Perhaps it's because writing is a notably silent business, and this invites the assumption that certain indications - long silences, extended gazing into space, and pronounced inactivity in the finger/keyboard department - must mean one is doing nothing. I admit: It is hard to tell.

So, with a certain grumblement and mutteration, I heave myself out of my chair and follow her into ... well, it might be the hall, it might be the spare bedroom, it might be the sitting room, the kitchen, the bathroom. I am never quite sure.

"Do you like it?" she asks, and I survey the room in question in a game of "Spot the Difference." The trouble is, I very often don't spot the difference. She watches me struggle, smiling tolerantly at my typically male lack of observation.

Finally, I admit my hopelessness (easier than fighting it). "OK, I give up. I can't see anything."

At this juncture, I feel that I might be let off the hook. But no; the game is afoot, and I am not to be excused so lightly.

"Keep looking! Can't you see it?"

I shake my head sadly, with a slight laugh. "Give us a hint. Is it on a table? On a shelf? By the window?" And then, sometimes, it dawns on me. Or I think it has. "You've moved that armchair," I hazard.

"No. The armchair is exactly where it has been since January. Look again."

"The lamp on the side table?"

"Oh, honestly! No!"

And so it goes. Sometimes I do actually get it right at last. A candle, a vase, a three-seater settee has changed position or vanished. More often, though, she ends up telling me - with a suggestion of triumph. "The yucca by the TV! I've removed it!"

Pause.

"There was a yucca by the TV?"

"Only since 1993." Another pause. "I thought," she resumes, "it really was crowding things. What do you think? Better without it, isn't it?"

This is a tricky. If I say, "Much better," she is disinclined to believe me - since I had failed to notice the yucca's presence for a decade. Similarly, if I say "Oh, I don't know, I was rather fond of that yucca," my credibility may be even more suspect. On the other hand, I do have to say something. A writerly silence will not suffice. So I try something like, "Now that you point it out, yes, it does seem altogether airier somehow. Good idea." And I try to head back to my keyboard.

"You're just saying that," she says. And then: "Do you really think it's better?"
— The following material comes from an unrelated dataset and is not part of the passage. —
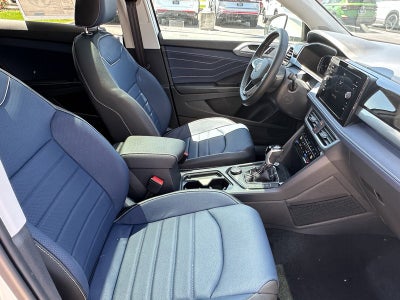 2025 Volkswagen Taos SEL 4MOTION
Actually, I do care. I enjoy the careful orderliness of our house. But (call me old-fashioned) I have long ago concluded that her pleasure in this felicitous arrangement and refinement of every room in our house, except my study - my cave - is all hers. I have once or twice dared to move a piece of pottery or put the soup spoons in an unprecedented part of the drawer, but I've never been able to get away with it. "The soup spoons are in the wrong place," I am quickly informed. "Why?"

It's a hard question to answer, the "wrong place" question, though very occasionally I have argued that my minor re-arrangement is actually better. Even more occasionally, she has agreed. But then she is the one who watches TV programs about house design and decoration and therefore is the one most likely to be an expert around here.
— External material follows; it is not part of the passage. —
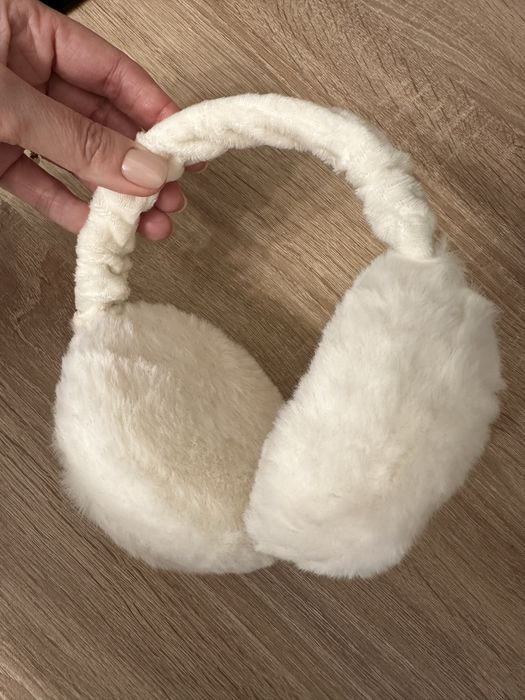 білі вушка навушники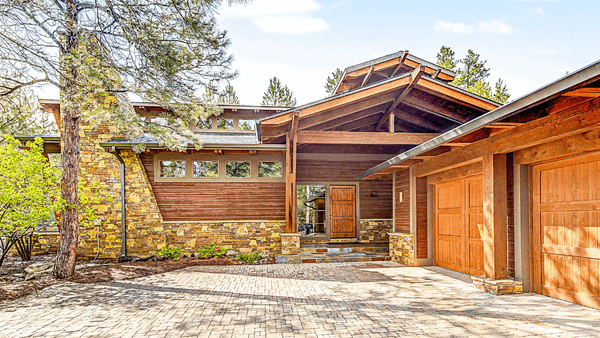feature image of Architectural Excellence Meets Mountain Luxury in Forest Highlands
All the same, I am a little puzzled. By two things. The first is that for many years, once things like furniture are positioned, or a picture hung (usually after much cogitation, and, admittedly, some discussion), such features used to remain where they were more or less permanently. But recently, one never quite knows when something is going to be altered, moved, or relegated to storage or dump.

The second puzzlement is that I observe a distinct process of minimalization in the air. Where there were once two or three objects on a surface - cushions on a sofa or plants in a room - there are now one or two. It's quite subtle, but each weekend I am introduced to the decisive exile of some familiar object or other, and a new spaciousness resulting.
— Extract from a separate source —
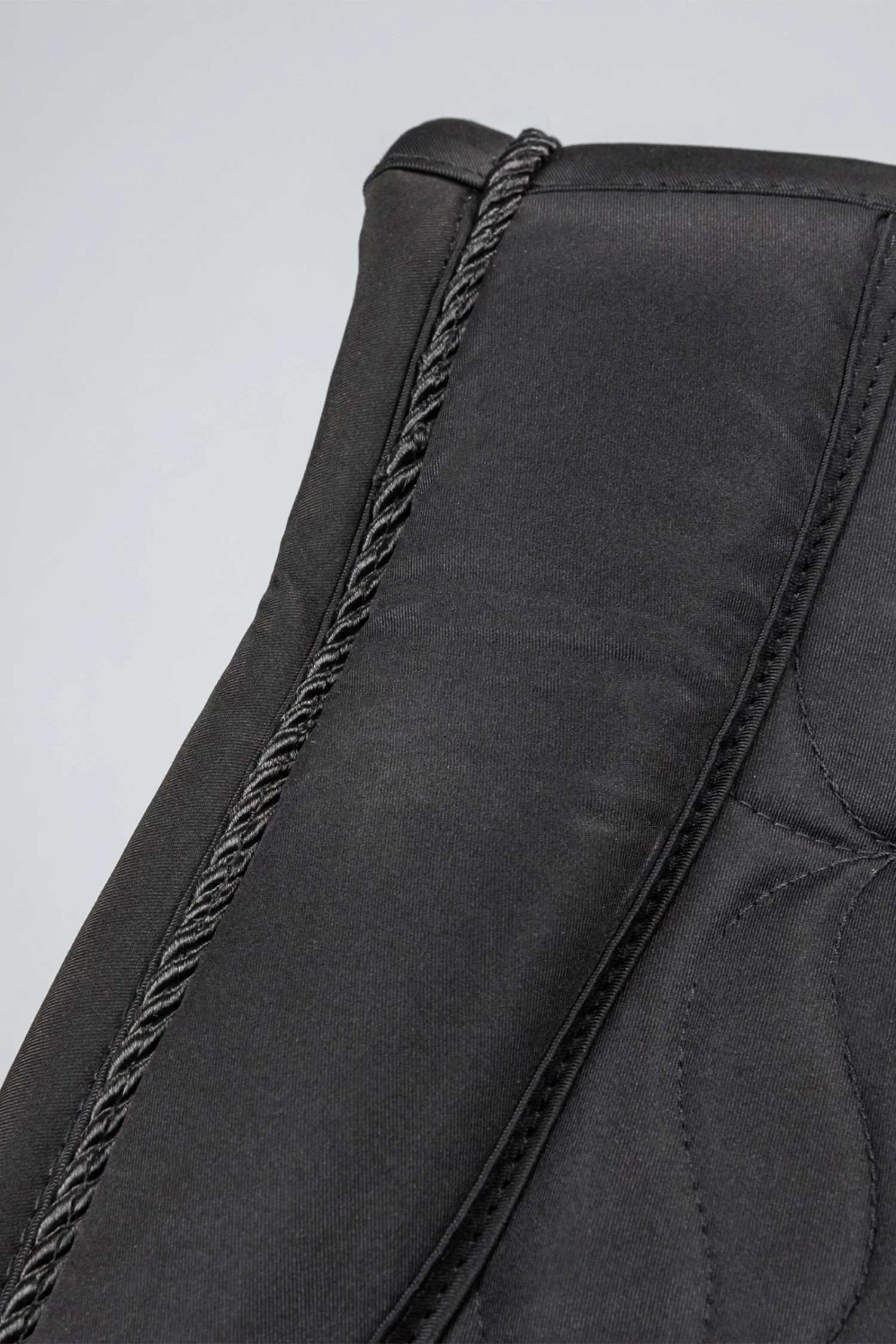 Back On Track Deep Nights Jumping Saddle Pad - Image 7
I am aware that this is not entirely new. A substantial selection of my bottle collection was long ago wrapped in newspaper, boxed, and rehoused in the cellar. There is nothing personal about this. She culls her collection of stuffed toy animals periodically, too.

Nevertheless, she and I differ in this respect. Someone once asked me why, to make much-needed shelf space, I didn't sell some of my books and catalogs. Not to appear obstinate, I went through them all with a fine-toothed comb. I found just one catalog I felt I might part with - and that was a by-mistake duplicate. I couldn't part with a single book. You just never know when they might be useful. My study, therefore, is the one place in which there is more clutter than air.

So when she is working hard at something, it is more than rare for her to be interrupted by someone else saying, "Have you got a moment? I want you to come and see what you think about a space I've made on a bookshelf by dispensing with one of my books." I just can't see this happening, somehow.